Everything in standard plus strips all bracketed content like [laughter], [music], [applause]. Best for social media or noisy transcripts where [...] annotations are common.

Disabling Specific Features

Use the disable parameter to turn off individual features without changing the overall profile.

# Disable acronym expansion
normalize_text("The API is fast", language="en", disable=["acronyms"])
# "The API is fast"  (acronym preserved instead of expanded to "A P I")

# Disable multiple features
normalize_text(
    "Temperature is 25C and 3/4 done",
    language="en",
    disable=["temperature", "fractions"],
)
# Temperature and fractions left as-is

Available Feature Names

These are the feature names you can pass in the disable list:

Feature Name Controls
acronyms Acronym expansion (IBM → "I B M")
abbreviations Abbreviation expansion
spacing Whitespace normalization
measurements Measurement units (5km → "five kilometers")
dates Date recognition and conversion
times Time recognition and conversion
temperature Temperature normalization (25C → "twenty-five celsius")
fractions Fraction normalization (3/4 → "three over four")
x_kali Malay x-kali multiplier
ic Malaysian IC number normalization
hari_bulan Malay hari bulan format
hijri Hijri year conversion
elongated Elongated word normalization (soooo → "so")
malay_local Malay-local features
special_chars Special character replacement (& → "and", % → "percent")
pronunciation_overrides Built-in pronunciation overrides

Common Examples

Currency

# English — K-suffix expansion
normalize_text("The budget is RM50K", language="en")
# "The budget is fifty thousand ringgit"

# Malay — full spoken form
normalize_text("Harga RM450", language="ms")
# "Harga empat ratus lima puluh ringgit"

# Large suffixes (M = million, B = billion, T = trillion)
normalize_text("Revenue hit $1.5M", language="en")
# "Revenue hit one million, five hundred thousand dollar"

Dates

# DD/MM/YYYY format
normalize_text("Due on 15/08/2025", language="en")
# "Due on fifteen of August twenty twenty-five"

# ISO format (YYYY-MM-DD)
normalize_text("Deadline: 2025-08-15", language="en")
# "Deadline: August the fifteenth, twenty twenty-five"

Warning

Date parsing uses heuristics for ambiguous formats (e.g., 01/02/2025 could be DD/MM or MM/DD).

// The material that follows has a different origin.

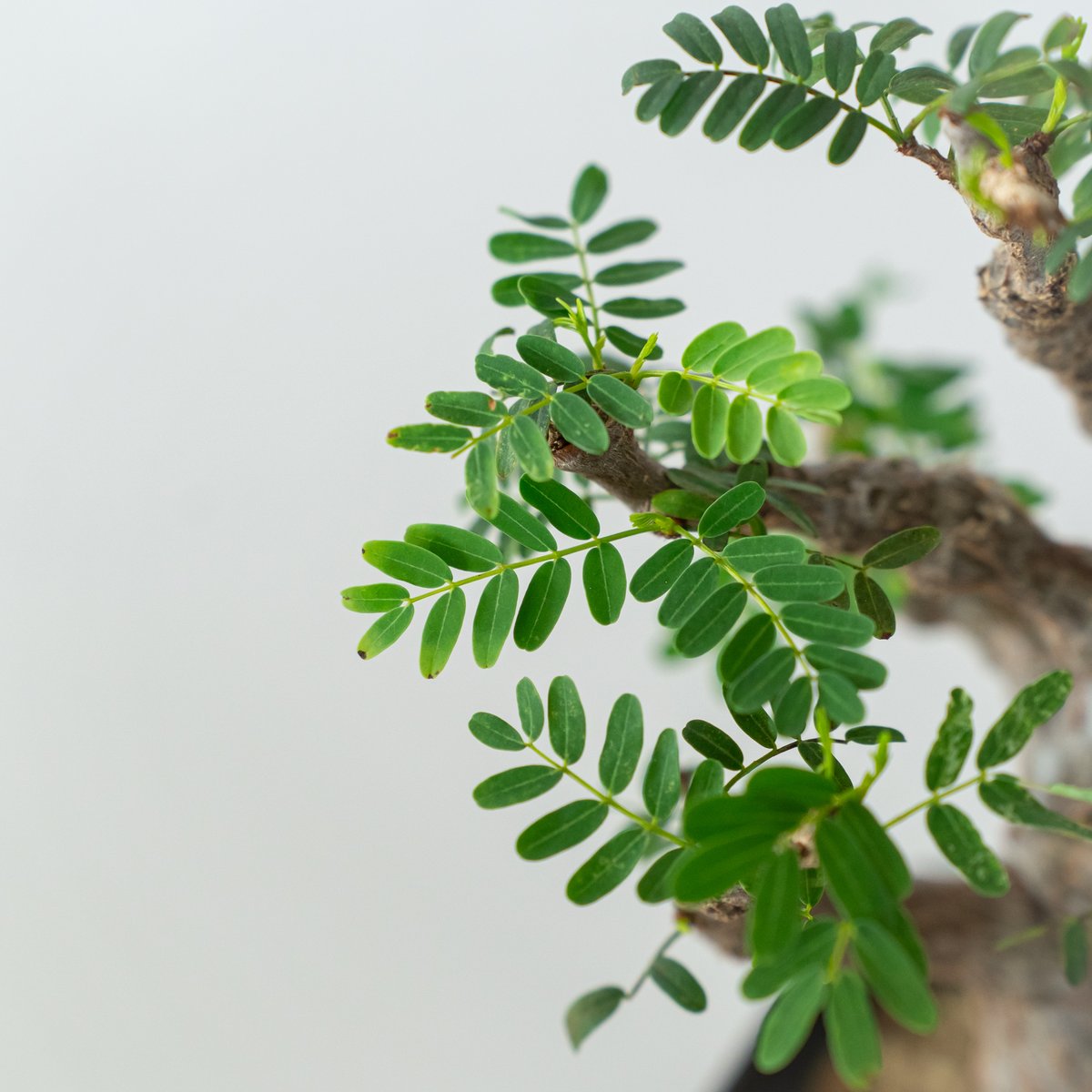 センナ メリディオナリス Senna Meridionalis コーデックス 塊根植物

The parser assumes DD/MM ordering. If your input uses MM/DD, results may differ.

Times

# With meridiem
normalize_text("Meeting at 3:30 pm", language="en")
# "Meeting at three thirty p m"

# 24-hour format
normalize_text("Departs at 14:00", language="en")
# "Departs at fourteen zero"

Acronyms

# Letter-by-letter splitting
normalize_text("IBM announced results", language="en")
# "I B M announced results"

# Pronounceable acronyms
normalize_text("Parse JSON data", language="en")
# "Parse J son data"

# Preserved acronyms (well-known words)
normalize_text("NASA launched", language="en")
# "NASA launched"

Temperature

# Celsius
normalize_text("It is 25C outside", language="en")
# "It is twenty-five celsius outside"

# Fahrenheit
normalize_text("Temperature is 98F", language="en")
# "Temperature is ninety-eight fahrenheit"

Fractions

# Common fractions
normalize_text("Pour 3/4 cup of water", language="en")
# "Pour three over four cup of water"

# Other fractions
normalize_text("Use 1/2 teaspoon", language="en")
# "Use one over two teaspoon"

Measurements

# Distance
normalize_text("Run 5km every day", language="en")
# "Run five kilometers every day"

# Weight
normalize_text("Buy 10kg of rice", language="en")
# "Buy ten kilogram of rice"

# Data
normalize_text("Download 3GB file", language="en")
# "Download three gigabyte file"

Malay-Specific

# Currency in Malay
normalize_text("RM450 untuk projek ini", language="ms")
# "empat ratus lima puluh ringgit untuk projek ini"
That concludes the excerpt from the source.